学園に入学してから男女関係なく迫られてたけどそのせいだったの!?
魔法を制御するため特訓するも上達しない私に「俺のそばにいたいなら努力しろ」言葉とは裏腹に殿下は優しく見つめてきて――。
とにかくキャラクターが魅力的。良い意味で悪役がいなくてみんないい人。
まさにラブコメ!って感じの、ラブとコメディ満載で読んでて最高に楽しかった。
もはや魅了魔法のせいでろくな学生生活もできずことあるごとに片っ端から告白されまくる主人公が、ここまでくると完全に面白の域に達してる。婚約者持ちの男子生徒から告白されてそれを彼の婚約者に見られて修羅場かと思いきや、男女問わず作用する魅了魔法によって婚約者(女)も主人公に突撃し、主人公を奪い合い婚約者同士の争いがはじまるの、面白すぎるんよ。
「――ちょっと! これは一体どういうことなんですの!?」
はあ、とため息をつこうとしたところで、耳にキンキンと響いたのは甲高い女性の声。
「なっ……リンドマリー!?」
「呆れた、クラウディア嬢、あなた様のお噂はかねがね伺っておりますわ! 婚約者のいる殿方にも色目を使うふしだらな成金令嬢だとか! どうせ玉の輿でも狙ってらっしゃるのでしょうけど!」
(中略)
「珍しい薄桃色の髪! 美しい白い肌、吸い込まれそうな大きな瞳! その愛くるしい見た目でどれほどの殿方を籠絡してきたことでしょうね! 全く……嘆かわし……なげかわ……かわ……?」
あっ、来た来た。来たぞ。
リンドマリー様が私に突きつけた人差し指が震え始める。
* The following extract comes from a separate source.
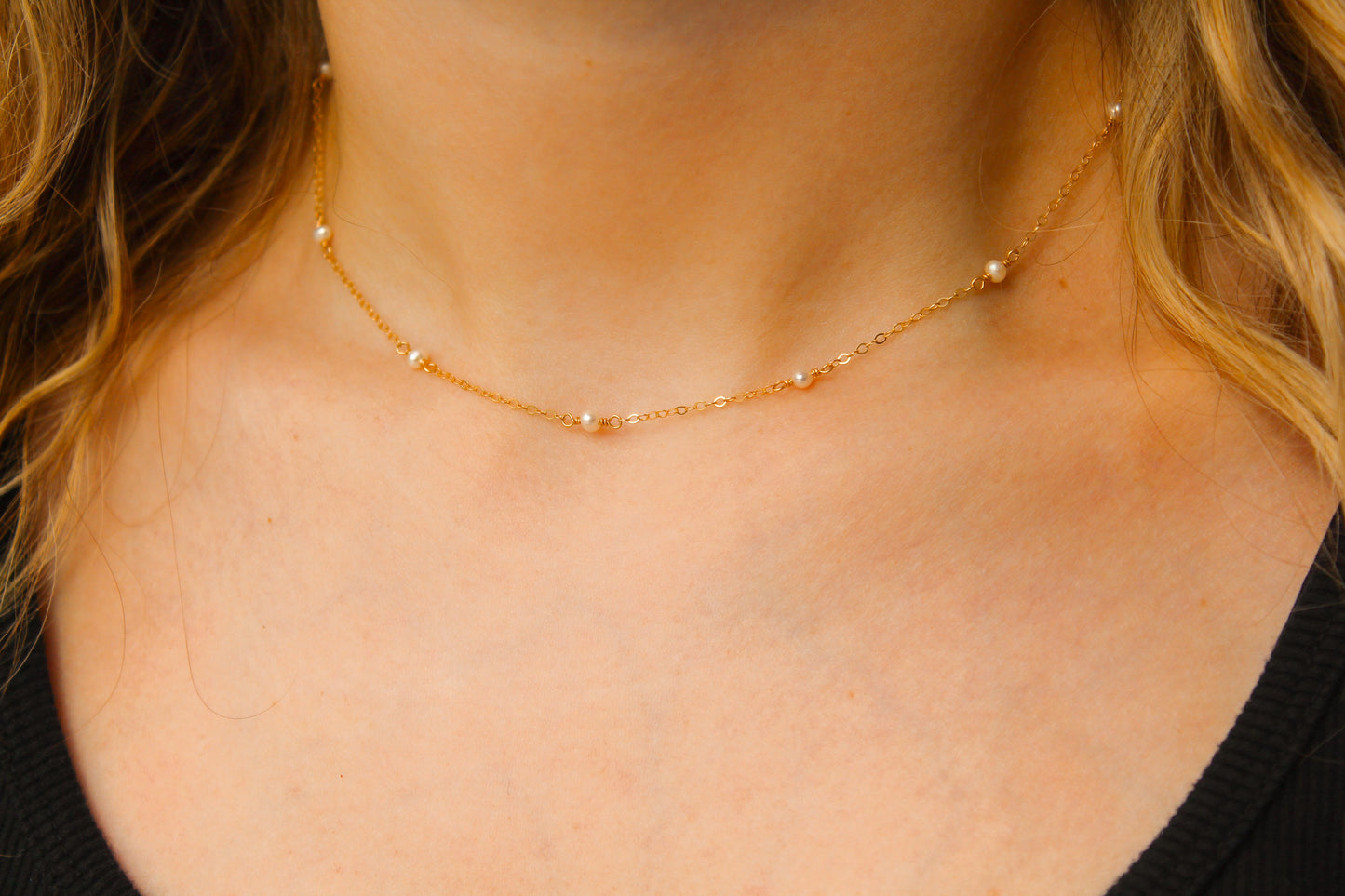 Dainty Pearl Necklace 14k Gold Filled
お顔も赤くなってきた。
「……かわいい……っ!」
感極まった掠れ声が絞り出される。
こんなん負ける。
本人たちは大変だろうが見てる方はめちゃくちゃ面白いんよこれ。主人公を奪い合ってご令嬢とご令息バトル。
これが異性にしか効かないと主人公が女子達にいじめられる展開が目に見えてるけど老若男女問わないとそういうレベルですらないもんな。本人は死ぬほど大変だろうけど。
こんな状況が多発した結果、壁ドンされようと逃げ出すタイミングを見計らうくらいになんともなくなっちゃってるし、このままだと混乱に乗じて逃げ出せるなと狙っている主人公、あまりに逞しすぎて笑えてしまう。本当にコメディとしてめっちゃ良。そしておもしれー女。
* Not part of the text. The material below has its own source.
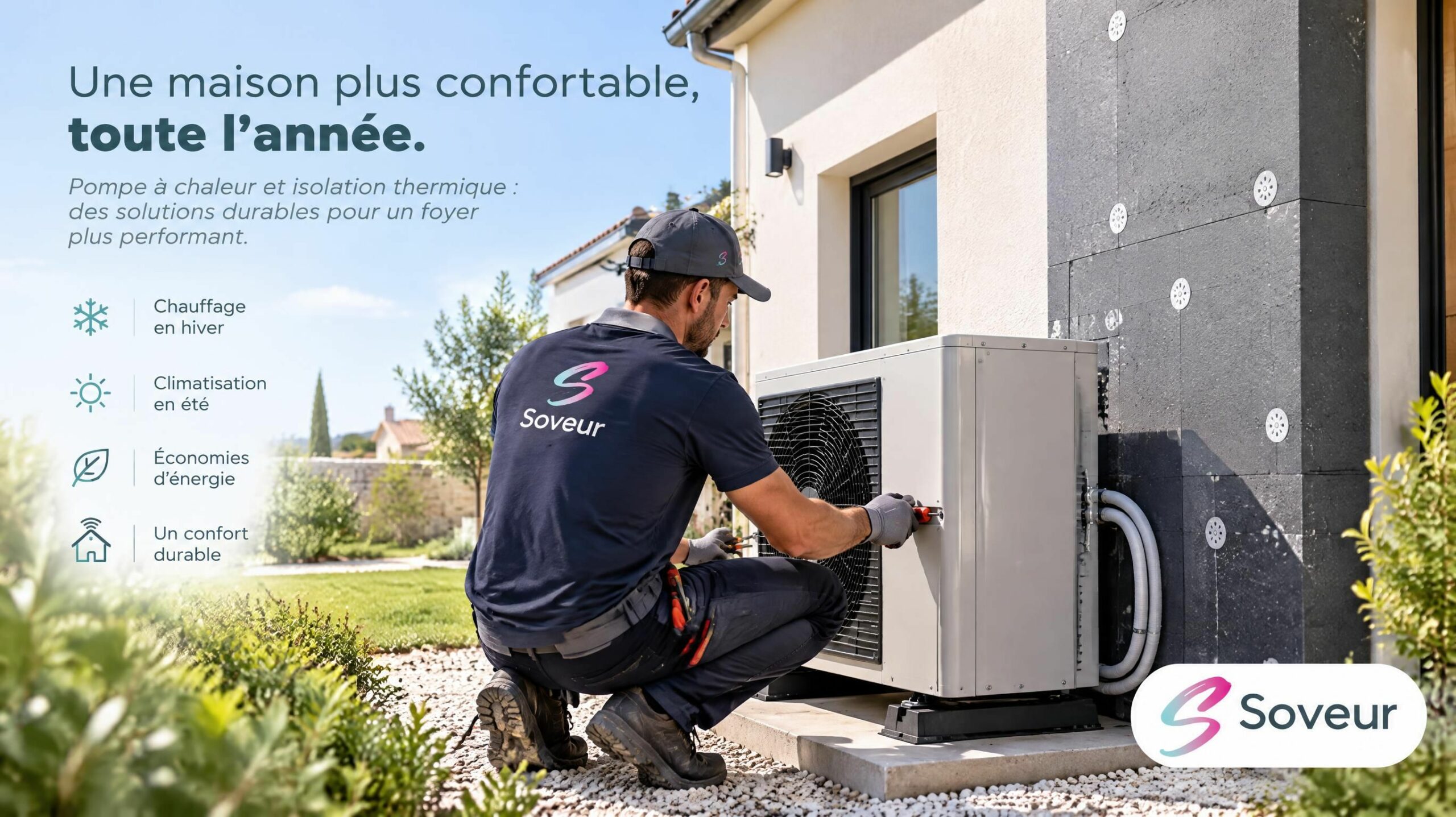 Installation d'une pompe à chaleur réversible et isolation thermique d'une maison individuelle Soveur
そんな主人公に対して「嫁探しが捗らんからお前が魅了魔法の制御が出来るように訓練をつけてやる!」となった面白系俺様王太子、こいつも間違いなくおもしれー男なので、おもしれー女とおもしれー男のカップルになっている。
「貴様の魅了魔法のせいで、俺の嫁探しがちっとも捗らんのだ!」
「え……?」
嫁探し?
聞き間違いかと思って恐る恐るご尊顔を見上げれば、整った眉を吊り上げ、厳しい目つきをした殿下がいらした。
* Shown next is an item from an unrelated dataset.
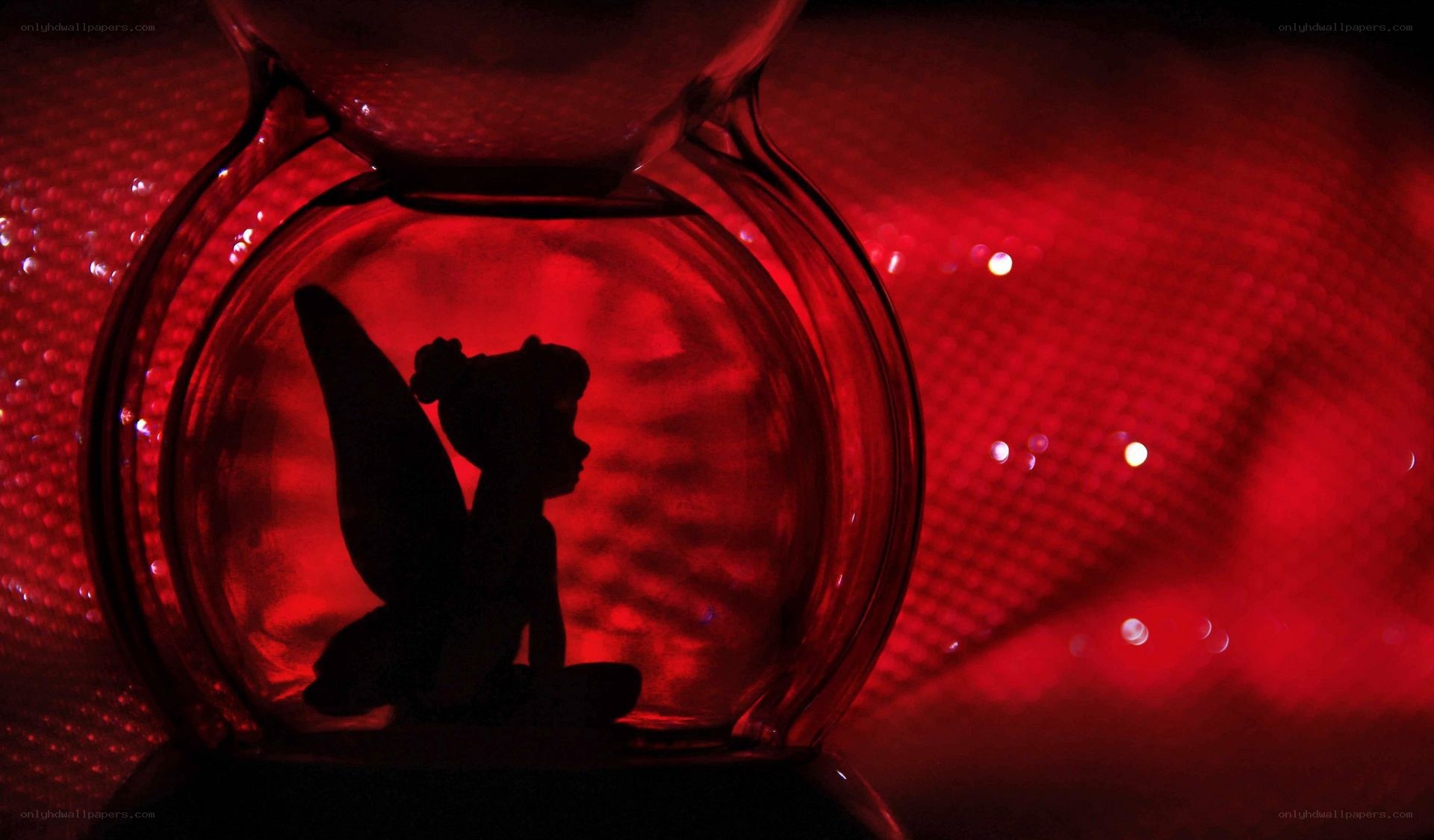 Tinker Bell in a red hourglass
「男も女も問わずにすべて片っ端から貴様が魅了していくせいで! この学園の生徒どもはみんな腑抜け! ポンコツ! お花畑! 誰も彼も貴様のことしか好きじゃない! そんなやつらからどう見繕って妃に相応しい女を見つけろと!?」
勢い良すぎるしノリがおもしれーんよこの男。
言うことはきつい気がしなくもないが面白く優しくそしておもしれー男。
マントの下にじゃらじゃらと音がなるほどぶら下げている破邪グッズのせいで主人公の魅了にはかからない。しかし主人公が魅了を放ったり、本人がときめいたりすると破邪グッズ(完全オーダーメイド)は一つずつパァンと弾け飛んでいく。王太子が日々追加発注している破邪グッズが尽きるのが先か、主人公が魅了魔法の制御を会得するのが先か、二人の戦いが始まった!というノリが本当に面白い。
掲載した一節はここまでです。